In fact, one of the most common reasons borrowers take personal loans is to consolidate debt. It’s a solid option, but when exploring ways to pay down your balances, it’s easy to confuse debt consolidation and debt settlement.
Whenever you're considering taking out a personal loan, you'll always want to use a website like Credible to compare rates and lenders to ensure you're getting the best deal possible. Credible can help you snag a lower interest rate, give you estimated monthly payments, and more.
Debt consolidation and debt settlement: What's the difference?

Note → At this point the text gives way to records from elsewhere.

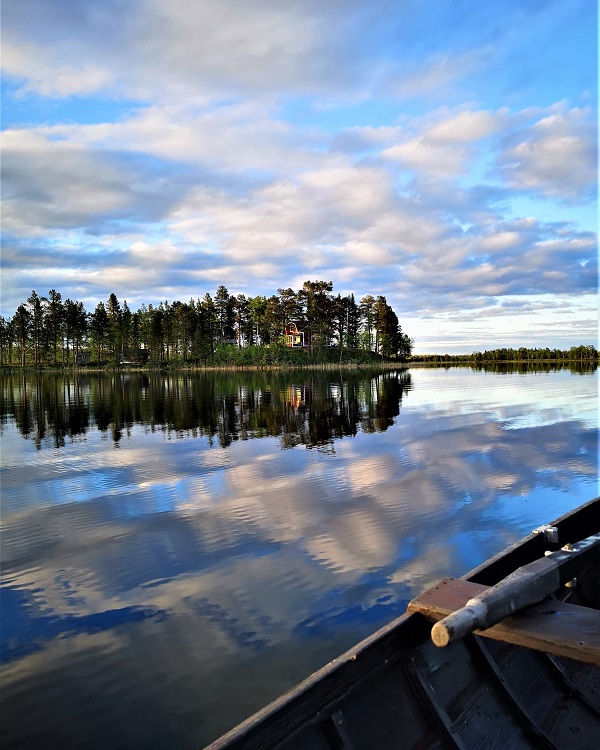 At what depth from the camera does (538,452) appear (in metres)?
15.6

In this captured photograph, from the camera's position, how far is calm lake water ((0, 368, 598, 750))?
15.3 feet

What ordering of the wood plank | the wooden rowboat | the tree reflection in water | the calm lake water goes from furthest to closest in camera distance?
the tree reflection in water → the calm lake water → the wood plank → the wooden rowboat

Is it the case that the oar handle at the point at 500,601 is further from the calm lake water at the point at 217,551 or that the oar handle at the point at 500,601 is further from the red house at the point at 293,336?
the red house at the point at 293,336

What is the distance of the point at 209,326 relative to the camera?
117 meters

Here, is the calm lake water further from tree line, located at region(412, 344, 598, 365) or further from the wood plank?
tree line, located at region(412, 344, 598, 365)

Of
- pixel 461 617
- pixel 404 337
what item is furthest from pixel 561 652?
pixel 404 337

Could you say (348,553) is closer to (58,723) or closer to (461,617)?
(58,723)

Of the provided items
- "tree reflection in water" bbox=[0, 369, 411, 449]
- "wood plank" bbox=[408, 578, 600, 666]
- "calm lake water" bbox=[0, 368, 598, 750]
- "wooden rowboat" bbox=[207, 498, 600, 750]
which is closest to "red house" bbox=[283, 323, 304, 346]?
"tree reflection in water" bbox=[0, 369, 411, 449]

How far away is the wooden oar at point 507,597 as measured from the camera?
2662 mm

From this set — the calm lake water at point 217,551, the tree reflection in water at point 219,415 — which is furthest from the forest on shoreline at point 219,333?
the calm lake water at point 217,551

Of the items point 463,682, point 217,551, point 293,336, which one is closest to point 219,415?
point 217,551

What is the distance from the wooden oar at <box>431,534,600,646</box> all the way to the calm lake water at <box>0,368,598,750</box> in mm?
2479

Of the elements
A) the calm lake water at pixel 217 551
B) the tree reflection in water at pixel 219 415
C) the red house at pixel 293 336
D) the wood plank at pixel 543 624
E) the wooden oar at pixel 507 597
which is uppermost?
the red house at pixel 293 336

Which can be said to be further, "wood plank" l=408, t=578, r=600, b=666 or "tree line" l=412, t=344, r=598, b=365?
"tree line" l=412, t=344, r=598, b=365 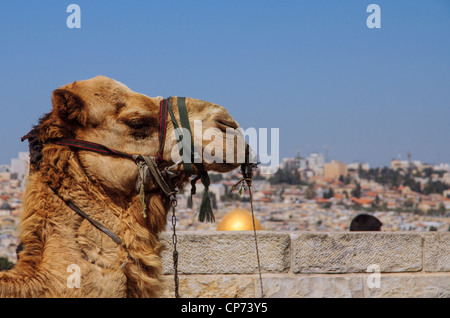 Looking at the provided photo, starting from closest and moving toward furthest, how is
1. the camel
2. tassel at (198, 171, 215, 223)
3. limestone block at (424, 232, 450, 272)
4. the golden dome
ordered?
1. the camel
2. tassel at (198, 171, 215, 223)
3. limestone block at (424, 232, 450, 272)
4. the golden dome

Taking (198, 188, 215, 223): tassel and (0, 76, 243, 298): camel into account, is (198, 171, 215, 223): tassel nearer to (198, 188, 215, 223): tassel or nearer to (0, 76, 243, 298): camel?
(198, 188, 215, 223): tassel

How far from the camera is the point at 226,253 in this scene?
18.2 ft

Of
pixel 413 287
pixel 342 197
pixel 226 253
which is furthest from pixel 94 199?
pixel 342 197

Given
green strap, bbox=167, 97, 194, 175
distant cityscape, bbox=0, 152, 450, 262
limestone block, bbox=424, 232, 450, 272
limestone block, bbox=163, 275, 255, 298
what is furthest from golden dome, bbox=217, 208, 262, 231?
distant cityscape, bbox=0, 152, 450, 262

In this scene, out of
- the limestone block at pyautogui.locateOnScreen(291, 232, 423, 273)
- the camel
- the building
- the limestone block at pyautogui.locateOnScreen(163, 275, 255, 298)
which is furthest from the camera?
the building

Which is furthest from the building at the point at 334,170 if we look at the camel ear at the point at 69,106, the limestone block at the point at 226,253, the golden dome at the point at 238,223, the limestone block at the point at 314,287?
the camel ear at the point at 69,106

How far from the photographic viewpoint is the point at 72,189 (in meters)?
2.90

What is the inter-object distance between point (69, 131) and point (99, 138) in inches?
6.2

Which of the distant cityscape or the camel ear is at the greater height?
the camel ear

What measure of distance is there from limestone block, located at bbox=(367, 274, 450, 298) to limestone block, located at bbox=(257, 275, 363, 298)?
0.60ft

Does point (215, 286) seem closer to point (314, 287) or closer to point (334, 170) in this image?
point (314, 287)

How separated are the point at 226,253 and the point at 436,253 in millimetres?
2088

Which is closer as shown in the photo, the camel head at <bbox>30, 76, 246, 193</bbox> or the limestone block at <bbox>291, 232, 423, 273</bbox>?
the camel head at <bbox>30, 76, 246, 193</bbox>

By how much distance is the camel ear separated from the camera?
2953 millimetres
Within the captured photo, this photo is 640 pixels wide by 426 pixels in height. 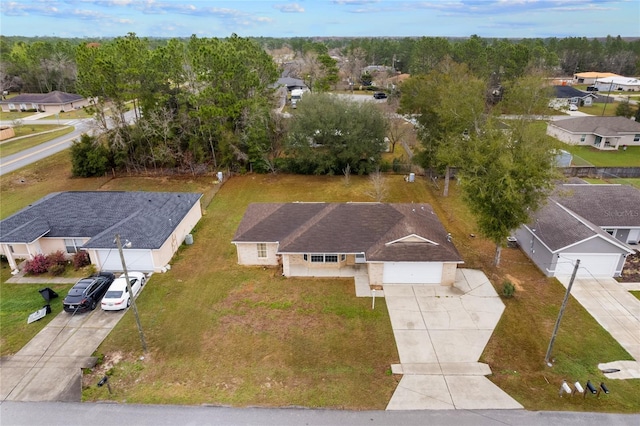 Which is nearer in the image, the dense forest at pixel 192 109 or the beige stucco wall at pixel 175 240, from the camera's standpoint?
the beige stucco wall at pixel 175 240

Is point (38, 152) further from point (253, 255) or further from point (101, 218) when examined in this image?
point (253, 255)

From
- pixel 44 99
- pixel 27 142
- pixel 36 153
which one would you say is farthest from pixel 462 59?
pixel 44 99

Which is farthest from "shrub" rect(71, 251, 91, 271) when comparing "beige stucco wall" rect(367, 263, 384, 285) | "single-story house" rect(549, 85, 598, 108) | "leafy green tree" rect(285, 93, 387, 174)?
"single-story house" rect(549, 85, 598, 108)

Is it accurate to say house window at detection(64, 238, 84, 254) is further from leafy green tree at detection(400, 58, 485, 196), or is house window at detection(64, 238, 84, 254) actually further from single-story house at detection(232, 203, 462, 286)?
leafy green tree at detection(400, 58, 485, 196)

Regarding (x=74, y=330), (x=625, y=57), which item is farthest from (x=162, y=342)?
(x=625, y=57)

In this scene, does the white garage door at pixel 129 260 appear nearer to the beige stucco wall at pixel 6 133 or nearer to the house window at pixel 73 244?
the house window at pixel 73 244

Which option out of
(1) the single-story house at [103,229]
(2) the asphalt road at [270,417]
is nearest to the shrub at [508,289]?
(2) the asphalt road at [270,417] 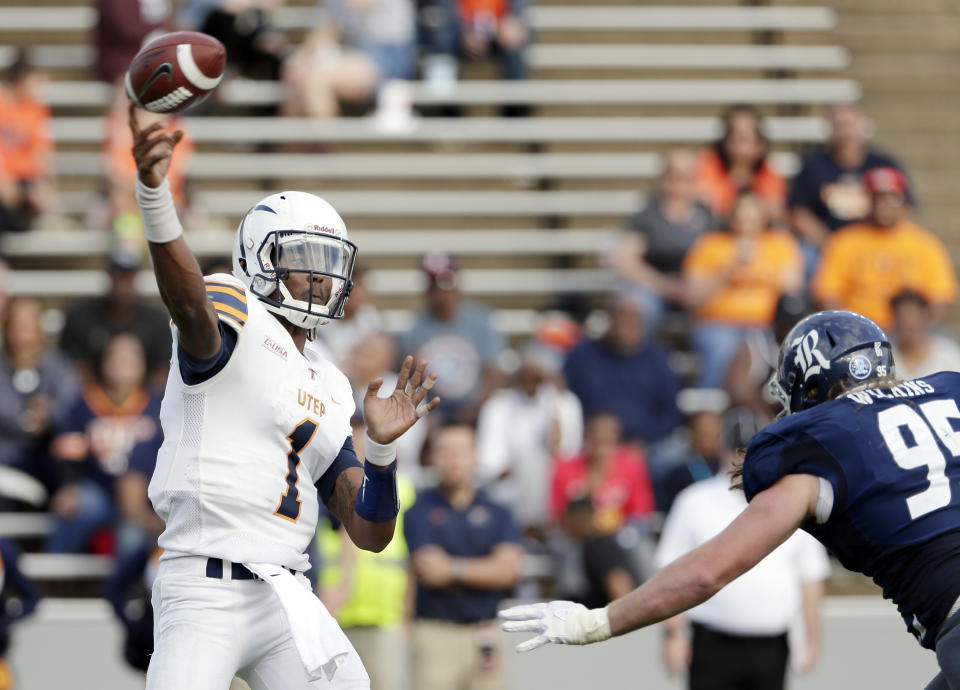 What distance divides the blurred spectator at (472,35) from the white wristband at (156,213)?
756 cm

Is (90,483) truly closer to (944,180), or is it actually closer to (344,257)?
(344,257)

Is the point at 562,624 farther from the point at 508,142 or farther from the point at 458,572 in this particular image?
the point at 508,142

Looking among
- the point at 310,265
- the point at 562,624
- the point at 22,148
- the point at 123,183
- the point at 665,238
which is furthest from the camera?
the point at 22,148

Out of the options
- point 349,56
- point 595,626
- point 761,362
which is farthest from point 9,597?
point 349,56

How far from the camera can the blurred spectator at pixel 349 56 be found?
429 inches

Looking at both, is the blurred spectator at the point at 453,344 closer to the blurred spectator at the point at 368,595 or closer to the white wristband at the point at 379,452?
the blurred spectator at the point at 368,595

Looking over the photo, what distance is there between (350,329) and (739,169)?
3.11 m

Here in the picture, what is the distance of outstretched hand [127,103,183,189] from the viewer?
382cm

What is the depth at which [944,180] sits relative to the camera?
11891mm

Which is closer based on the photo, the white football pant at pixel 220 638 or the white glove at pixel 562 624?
the white glove at pixel 562 624

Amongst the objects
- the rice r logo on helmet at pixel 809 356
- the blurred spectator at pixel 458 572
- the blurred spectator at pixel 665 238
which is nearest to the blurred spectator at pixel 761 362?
the blurred spectator at pixel 665 238

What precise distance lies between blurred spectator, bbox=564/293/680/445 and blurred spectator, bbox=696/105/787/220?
4.38 feet

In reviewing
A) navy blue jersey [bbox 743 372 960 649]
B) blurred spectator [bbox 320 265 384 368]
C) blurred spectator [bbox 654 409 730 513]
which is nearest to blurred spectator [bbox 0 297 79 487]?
blurred spectator [bbox 320 265 384 368]

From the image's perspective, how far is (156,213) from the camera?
3.87 meters
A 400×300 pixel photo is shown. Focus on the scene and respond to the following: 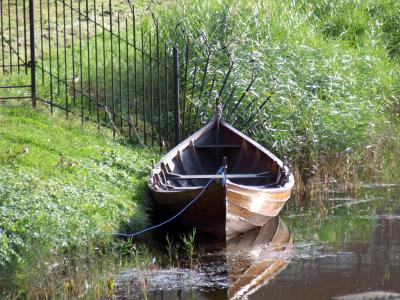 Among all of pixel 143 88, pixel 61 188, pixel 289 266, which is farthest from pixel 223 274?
pixel 143 88

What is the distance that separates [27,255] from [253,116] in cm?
624

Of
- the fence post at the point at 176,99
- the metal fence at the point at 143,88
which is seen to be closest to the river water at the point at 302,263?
the fence post at the point at 176,99

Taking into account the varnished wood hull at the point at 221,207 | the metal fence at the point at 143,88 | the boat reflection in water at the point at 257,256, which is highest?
the metal fence at the point at 143,88

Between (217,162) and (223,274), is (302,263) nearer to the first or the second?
(223,274)

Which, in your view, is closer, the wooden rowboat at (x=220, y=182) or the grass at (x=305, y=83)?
the wooden rowboat at (x=220, y=182)

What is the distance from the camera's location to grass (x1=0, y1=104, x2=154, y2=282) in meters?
9.45

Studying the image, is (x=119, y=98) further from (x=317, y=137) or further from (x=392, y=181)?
(x=392, y=181)

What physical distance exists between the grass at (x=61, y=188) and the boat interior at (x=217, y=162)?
439mm

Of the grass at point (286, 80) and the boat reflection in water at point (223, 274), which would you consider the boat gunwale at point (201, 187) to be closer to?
the boat reflection in water at point (223, 274)

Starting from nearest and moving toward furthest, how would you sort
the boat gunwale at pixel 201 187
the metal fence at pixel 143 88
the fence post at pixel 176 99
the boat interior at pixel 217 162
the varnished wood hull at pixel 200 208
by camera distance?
the varnished wood hull at pixel 200 208
the boat gunwale at pixel 201 187
the boat interior at pixel 217 162
the fence post at pixel 176 99
the metal fence at pixel 143 88

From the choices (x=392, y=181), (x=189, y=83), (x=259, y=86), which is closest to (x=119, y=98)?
(x=189, y=83)

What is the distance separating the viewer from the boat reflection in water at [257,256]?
1006 centimetres

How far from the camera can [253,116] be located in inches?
582

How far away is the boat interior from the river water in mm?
709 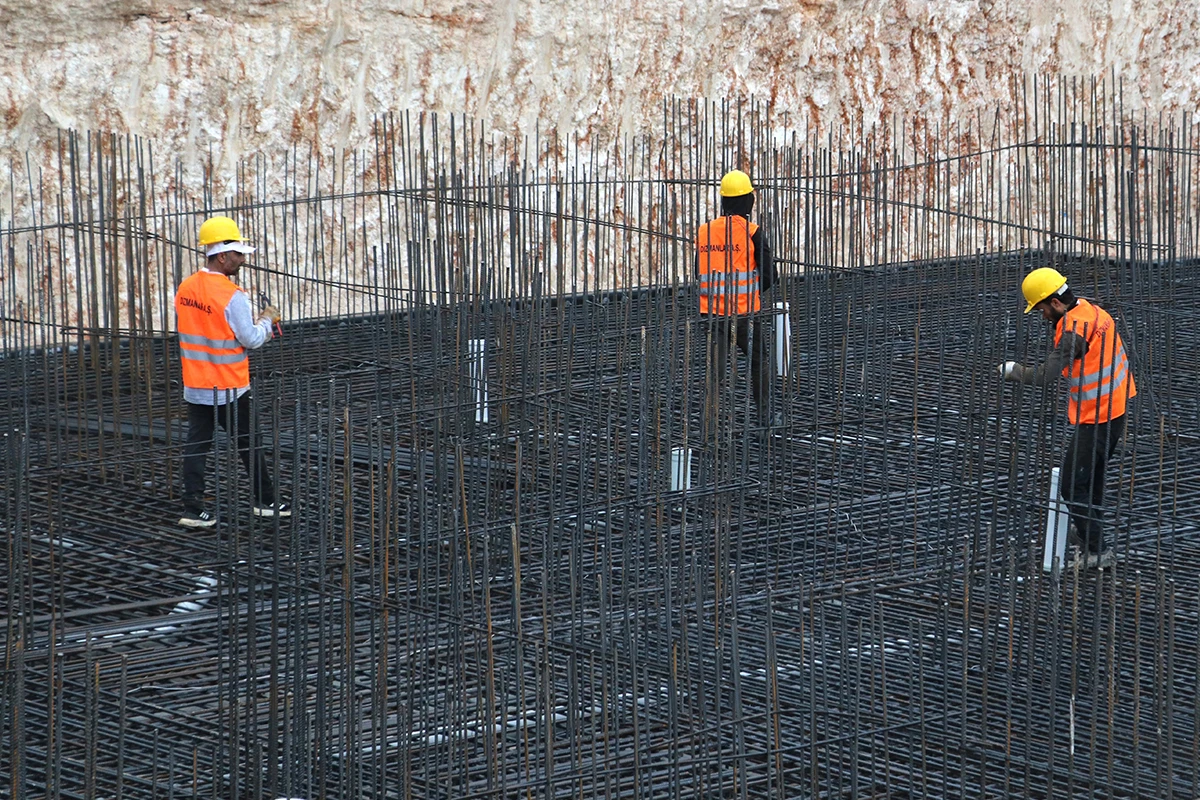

While these terms might sound similar, there are significant differences between debt consolidation and debt settlement that could impact your credit score. With that in mind, it’s important to read the fine print and understand the terms of each so you don’t end up in financial trouble.
When consolidating debt, you secure a loan from a bank, credit union, or online lender and use the funds you’ve borrowed to pay off as much of your outstanding debt as possible. Instead of making payments to various creditors, you’ll make one to your lender.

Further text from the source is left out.